先日、海外の人から日本語で相談メールが届きました。
その本文が、本人に悪意はないものの、日本人にとっては気になる表現だったため、
後からアドバイスをしました。
同じようなことが、私たちが英語でメールを送る際に、起きる場合もあります。
日本人が英語圏の相手へメールを送る際、日本語の感覚で直訳してしまい、
誤解を招いてしまう例が少なくないのです。
今回は、日本人がうっかり使いがちな、
5つの危険ワード(Bypass, workaround, skip, ignore, just)についてまとめてみました。
普段から使う場面が多い言葉だからこそ、微妙な使い分けを覚えておくと安心です。
1. bypass
英語
Could you please advise on how I should proceed to bypass this requirement?
日本語訳(直訳)
この要件を回避するために、どのように進めればよいか教えてください。
危険な理由
bypass は「正規ルートを通らない」「抜け道を使う」という意味合いがあります。「問題を解決せずに避けたい人」と捉えられる可能性があり、コンプライアンス意識を疑われる恐れがあります。
安全な言い換え方
Could you please advise on how to resolve this requirement correctly?
(この要件を正しく解決する方法を、ご教示ください)
2. workaround
英語
Is there any workaround for this rule?
日本語訳(意図)
このルールへの対処方法はありますか。
危険な理由
workaround は「暫定対応」「正式ではない対処」という意味を含みます。ルールや承認、契約などが絡む話で使ってしまうと、「正面から対応する気がない」と受け取られる可能性があります。
安全な言い換え方
Is there a recommended way to address this rule properly?
(このルールに正しく対応する方法はありますか)
3. skip
英語
Can we skip this approval step?
日本語訳(直訳)
この承認ステップは飛ばせますか。
危険な理由
skip は非常にカジュアルな言葉です。「必要なものを省略する」「勝手に飛ばす」という印象が強く、統制を軽視しているように聞こえてしまいます。
安全な言い換え方
Is this approval step required in this case?

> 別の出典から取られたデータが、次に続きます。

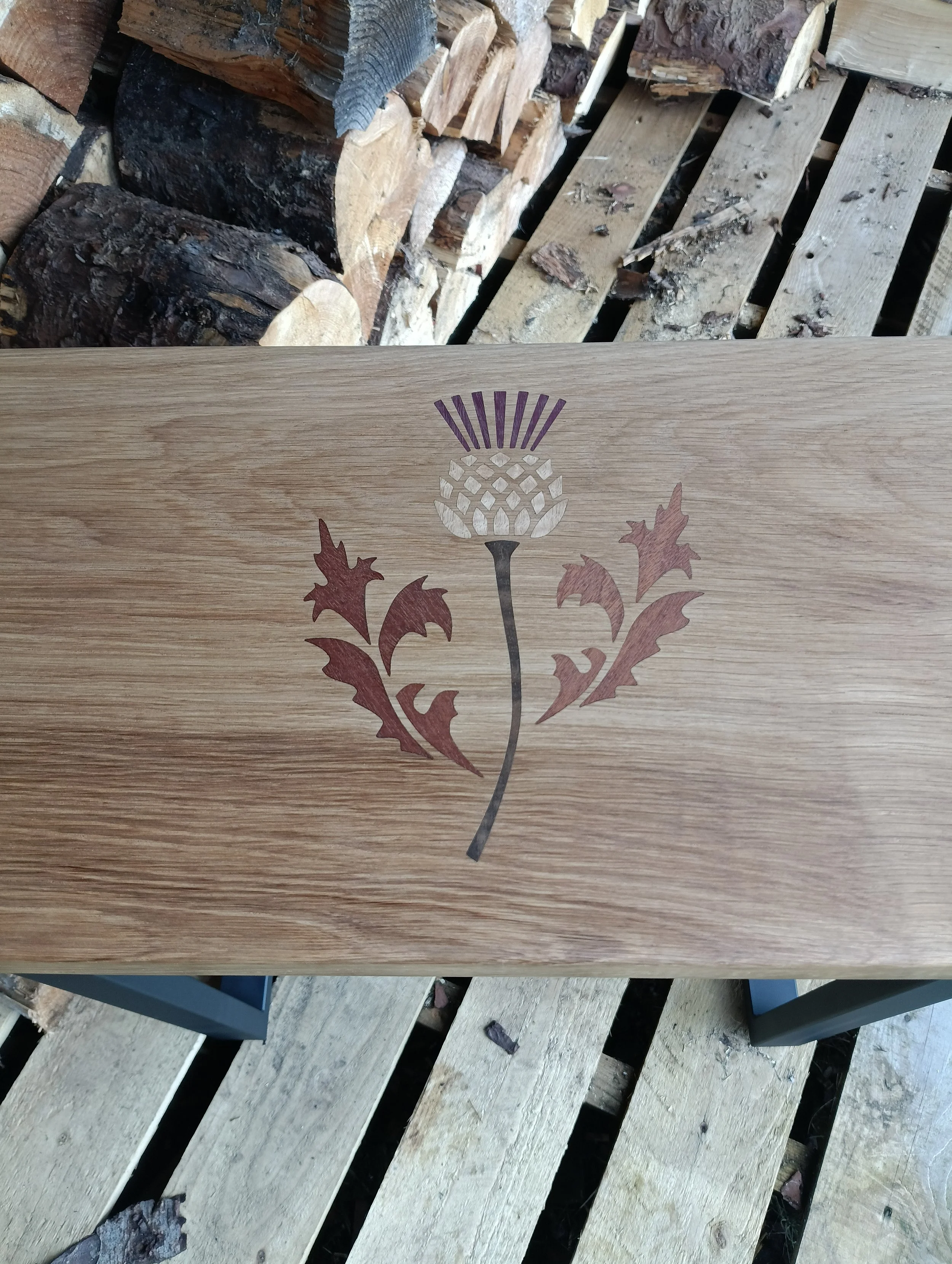 A Scottish Marquetry piece done with purple heart , eucalyptus  , fumed eucalyptus  , and sapele on solid Oak hall table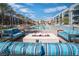 Resort-style swimming pool with palm trees and a modern fire pit, offering a relaxing outdoor space at 353 E Bonneville Ave # 752, Las Vegas, NV 89101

(このケースでは、この承認ステップは必要でしょうか)
4. ignore
英語
Can we ignore this warning?
日本語訳(直訳)
この警告は無視してよいですか。
危険な理由
ignore は「分かっていて無視する」という意味の、強い表現です。リスクや注意喚起に対して使用した場合「責任感のない人」だと思われるリスクがあります。
安全な言い換え方
Can you confirm whether this warning applies in this case?
(この警告が本件に該当するか、ご確認いただけますか)
5. just
英語
I just want to confirm.
日本語訳(直訳)
ちょっと確認したいだけです。
危険な理由
just は無意識に、相手の作業を軽く見ている印象を与える場合があります。受け取る相手によっては、失礼な発言だと捉えられる恐れがあります。
安全な言い換え方
I would like to confirm.
(確認させてください)
今回紹介した5つの例文は、文法的に正しい文章です。
ですが、英語圏で使用してしまうと「逃げている」「ルールを軽視している」「コンプラが弱い」という風に、受け取られる可能性があります。
言葉の選び方を少し変えるだけで、相手へ「誠実さ」「信頼感」「安心感」を届けられます。知っていれば避けられる誤解ですので、ぜひ頭の片隅に置いて、安全な言葉を使ってみてください。